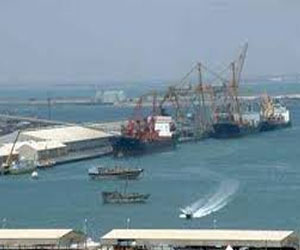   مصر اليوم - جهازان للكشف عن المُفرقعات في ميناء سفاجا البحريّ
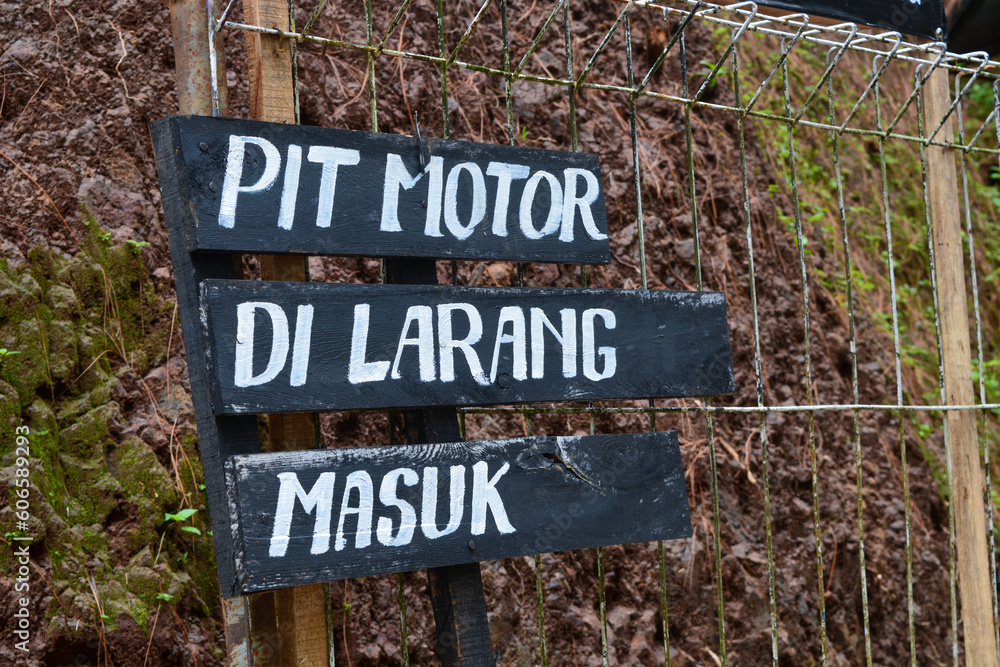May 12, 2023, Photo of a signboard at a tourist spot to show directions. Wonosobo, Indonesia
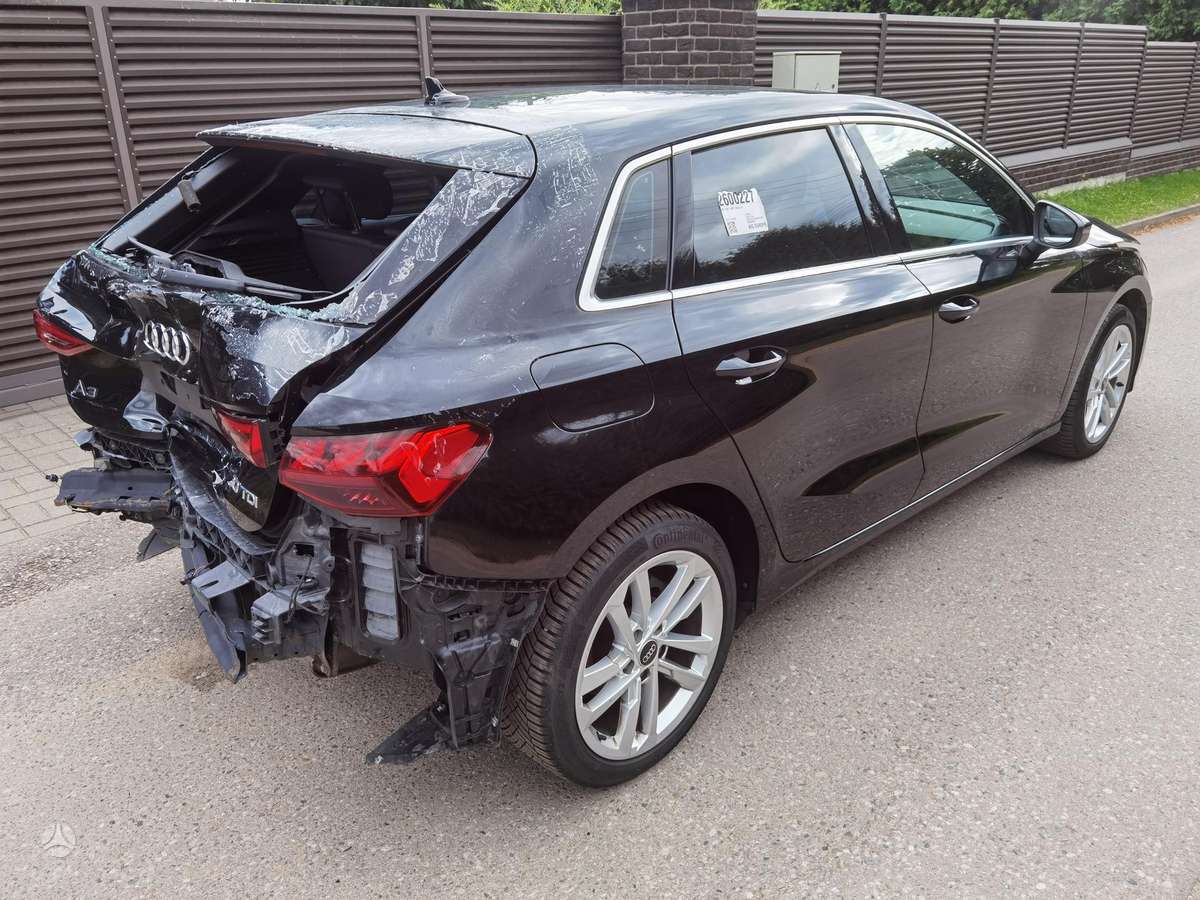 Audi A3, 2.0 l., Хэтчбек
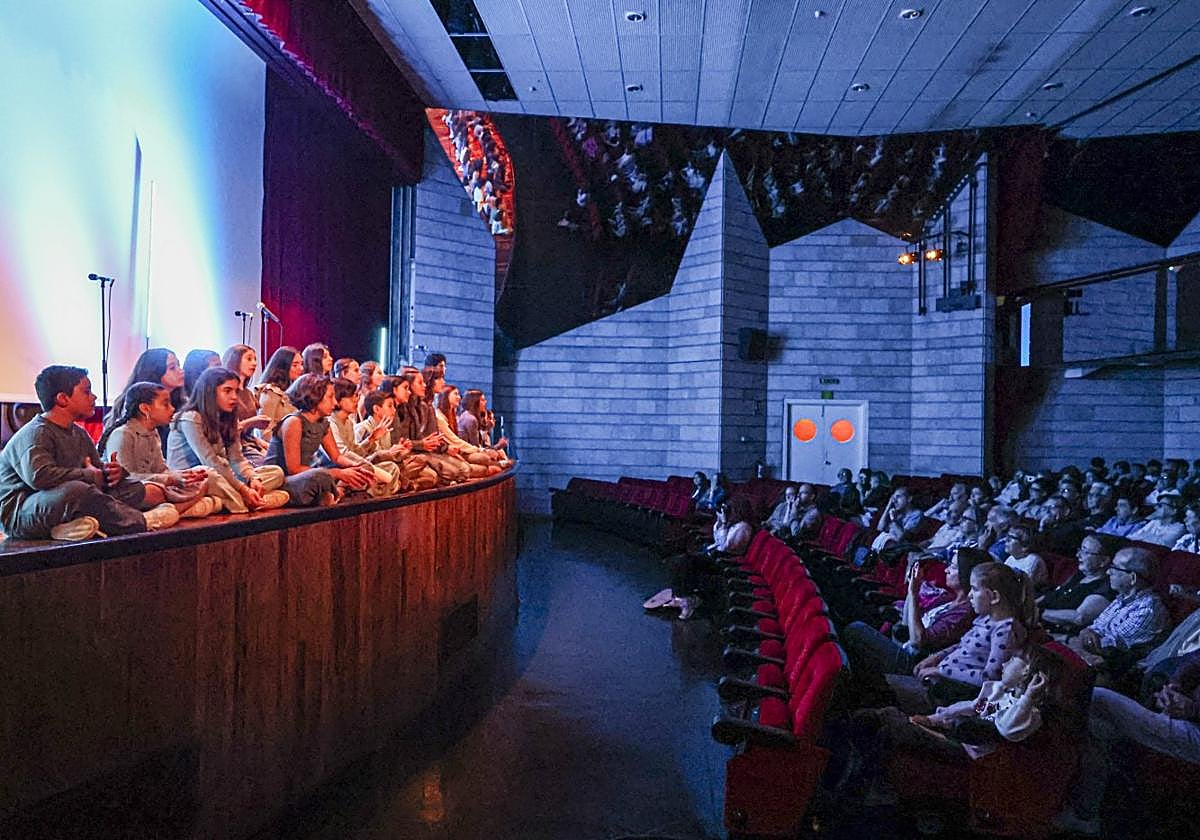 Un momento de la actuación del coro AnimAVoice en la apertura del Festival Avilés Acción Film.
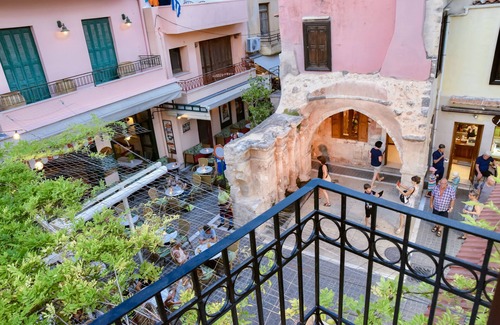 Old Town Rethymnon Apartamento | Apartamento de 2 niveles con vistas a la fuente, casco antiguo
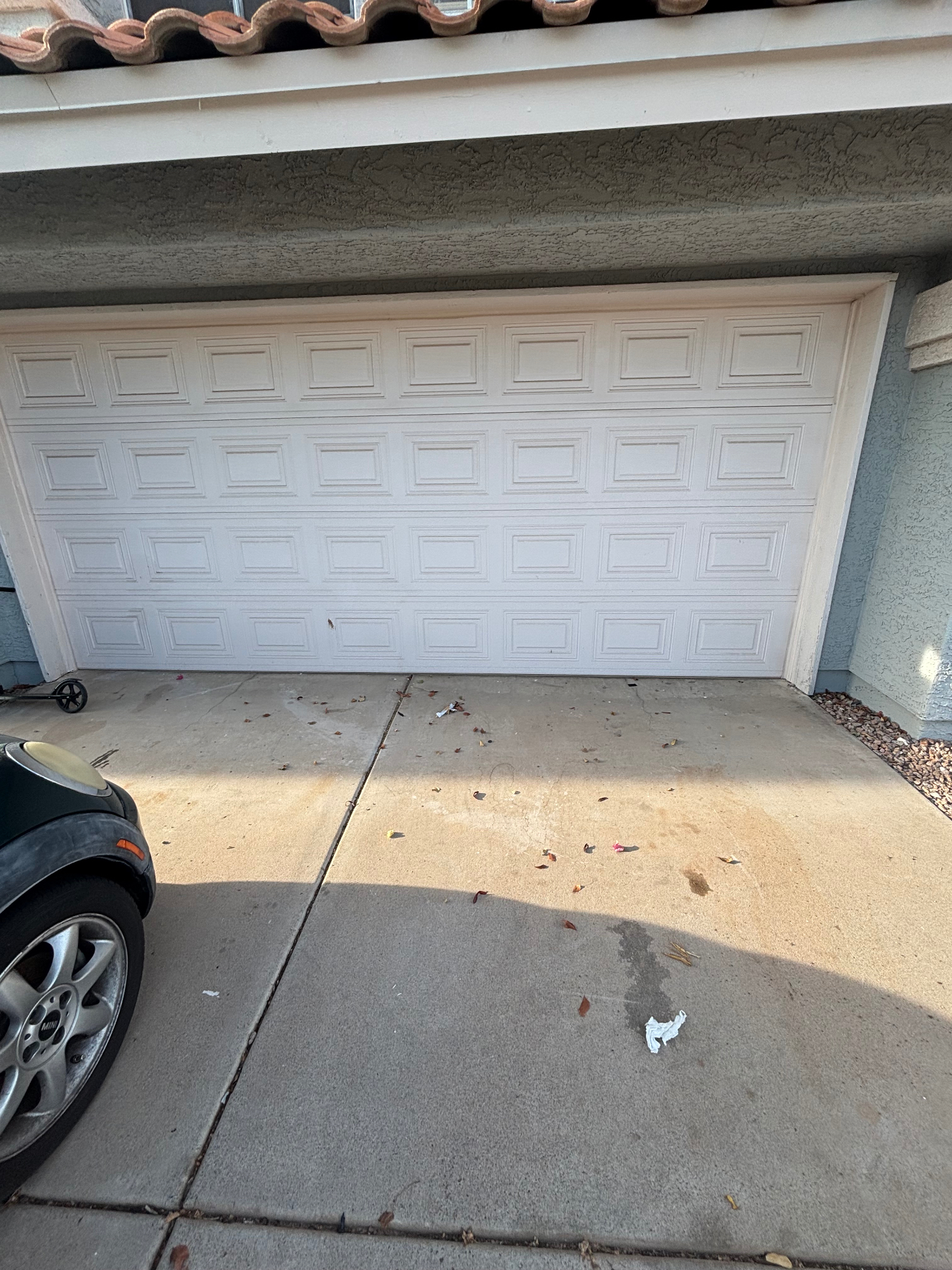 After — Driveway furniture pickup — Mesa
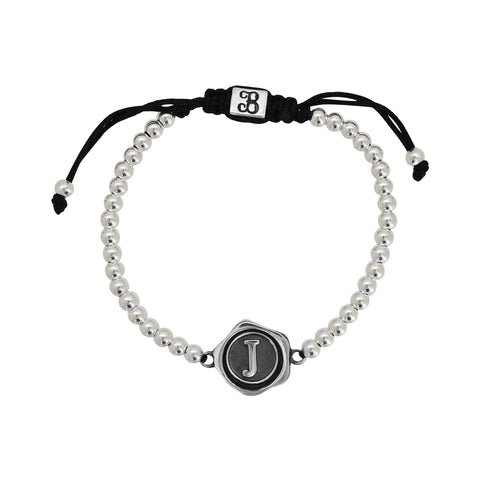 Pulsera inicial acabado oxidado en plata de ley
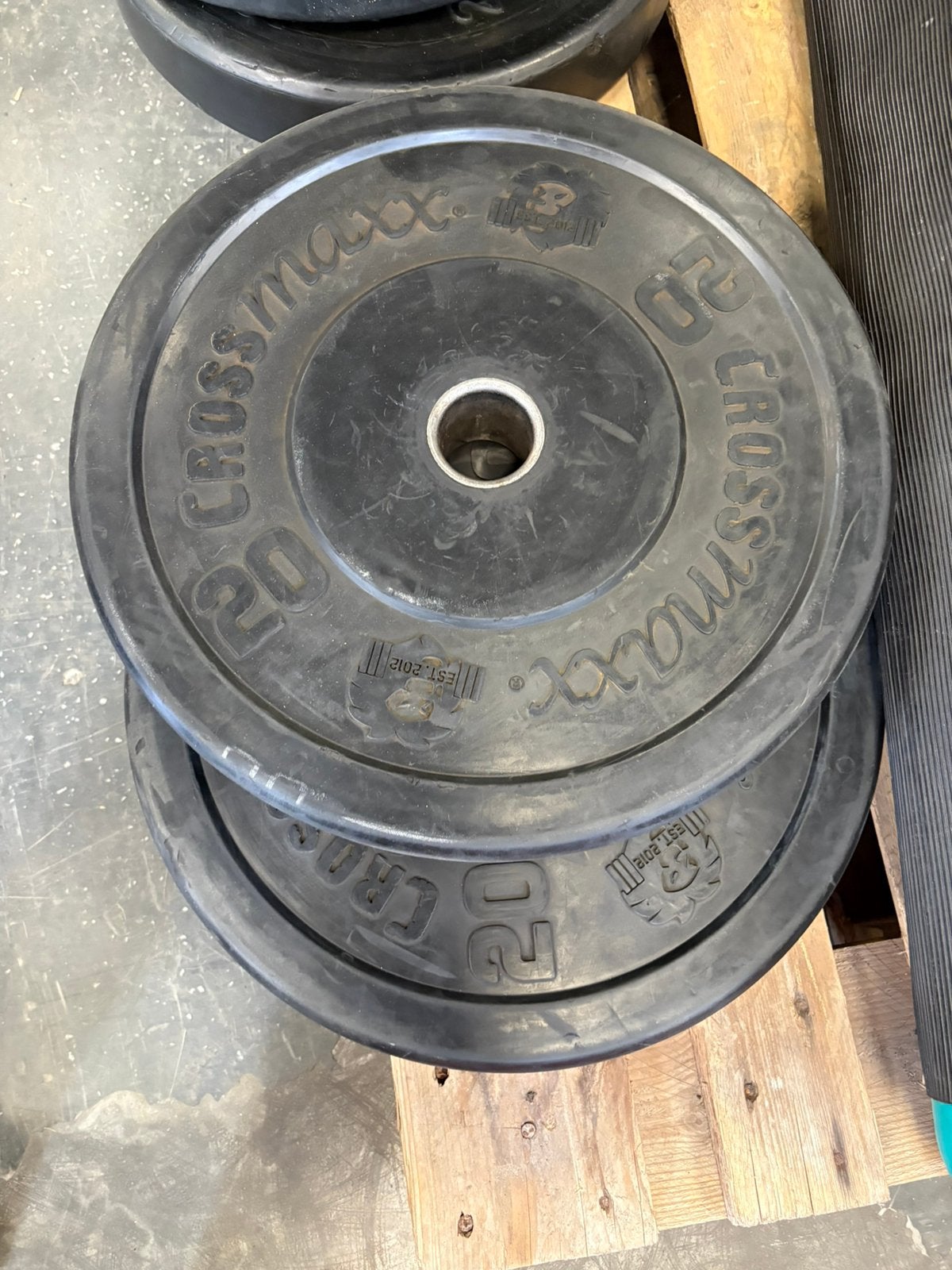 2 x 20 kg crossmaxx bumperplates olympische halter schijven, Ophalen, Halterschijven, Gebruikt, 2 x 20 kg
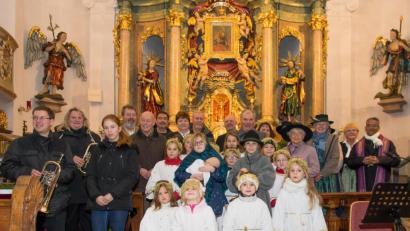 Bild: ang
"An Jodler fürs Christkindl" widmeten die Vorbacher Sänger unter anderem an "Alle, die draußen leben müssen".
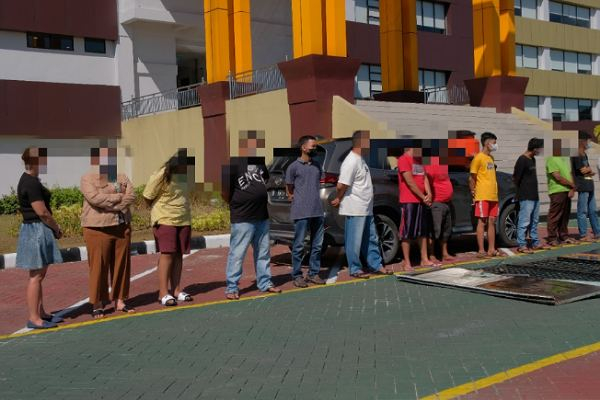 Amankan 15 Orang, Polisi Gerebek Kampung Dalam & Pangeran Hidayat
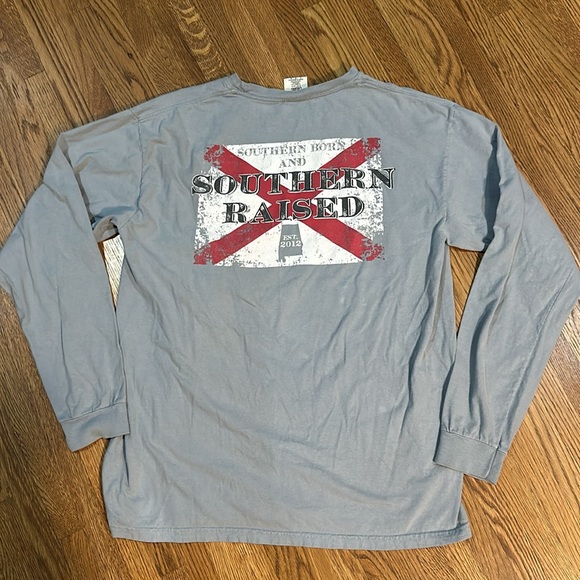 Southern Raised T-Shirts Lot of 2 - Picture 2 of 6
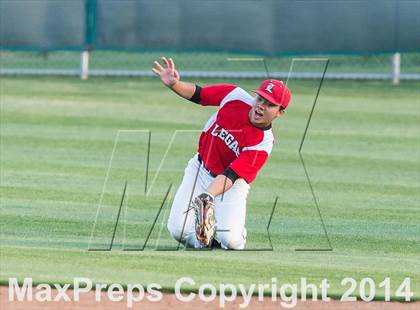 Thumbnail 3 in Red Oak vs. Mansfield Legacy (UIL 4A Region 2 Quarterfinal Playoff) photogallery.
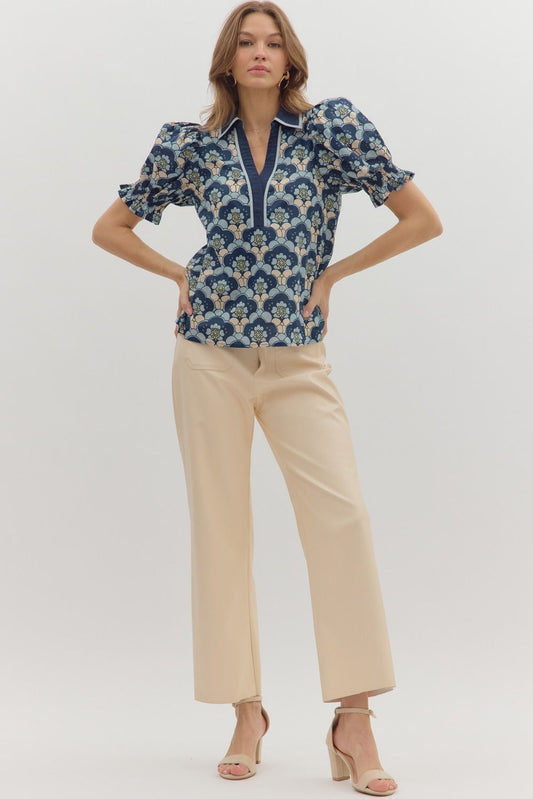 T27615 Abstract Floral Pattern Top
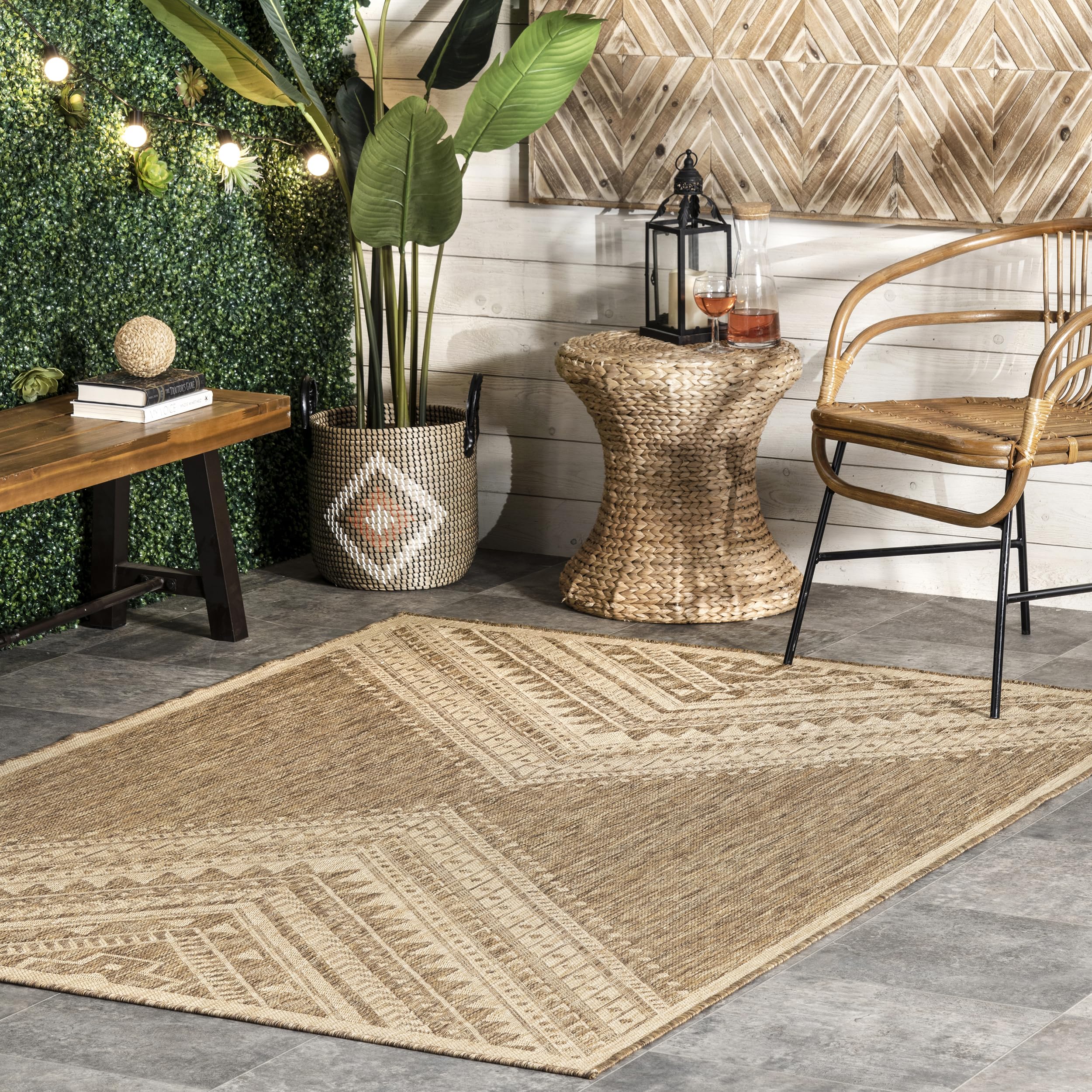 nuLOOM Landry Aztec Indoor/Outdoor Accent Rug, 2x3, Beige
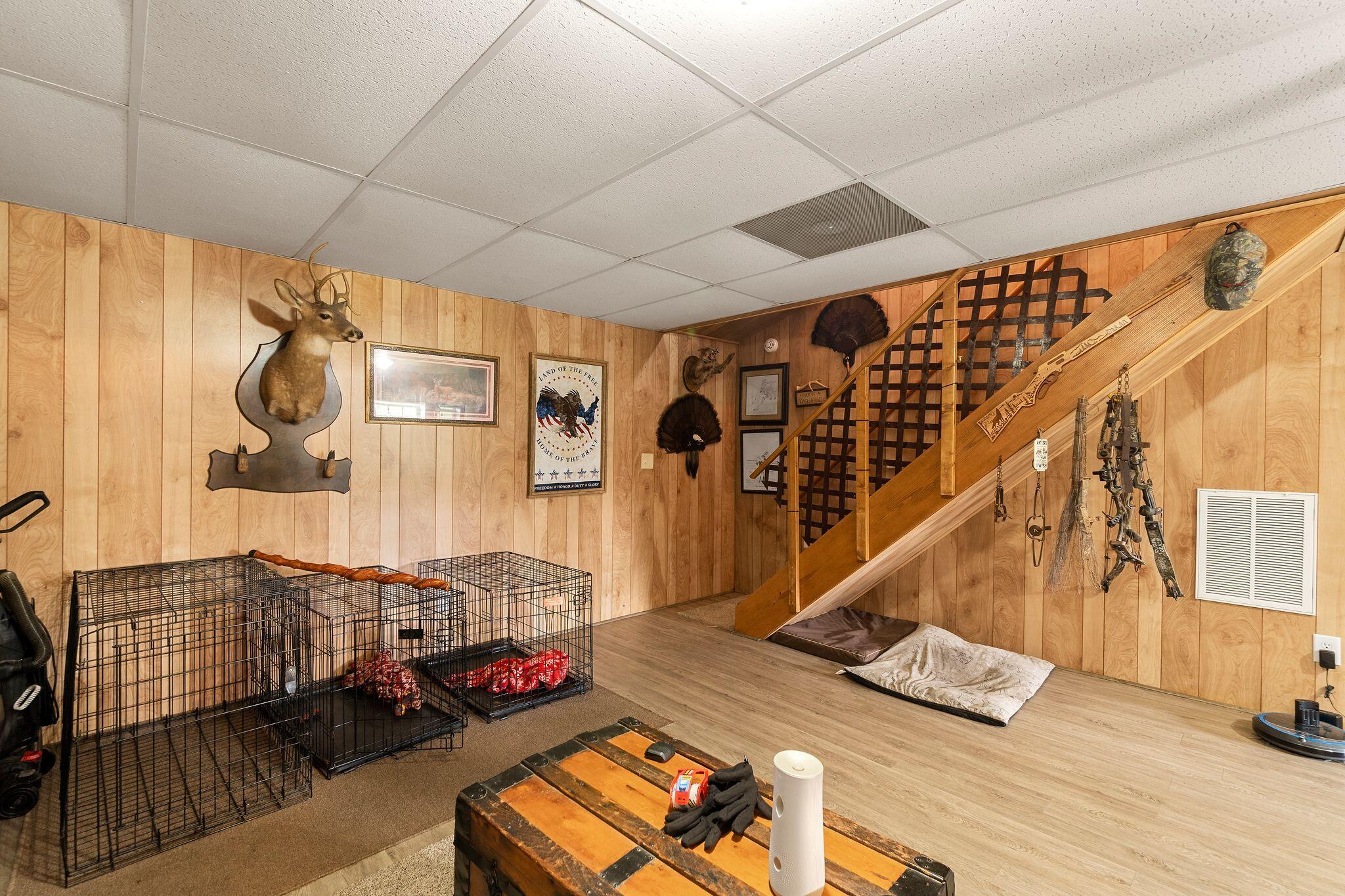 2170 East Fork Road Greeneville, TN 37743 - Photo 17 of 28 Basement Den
================================
**WHAT THE TASK REQUIRES**
Would you please write out exactly the lines between the line containing "Southern Raised T-Shirts" and the last line of the listing above, inclusive, without pictures?

**WRITTEN ANSWER**
 Southern Raised T-Shirts Lot of 2 - Picture 2 of 6
 Thumbnail 3 in Red Oak vs. Mansfield Legacy (UIL 4A Region 2 Quarterfinal Playoff) photogallery.
 T27615 Abstract Floral Pattern Top
 nuLOOM Landry Aztec Indoor/Outdoor Accent Rug, 2x3, Beige
 2170 East Fork Road Greeneville, TN 37743 - Photo 17 of 28 Basement Den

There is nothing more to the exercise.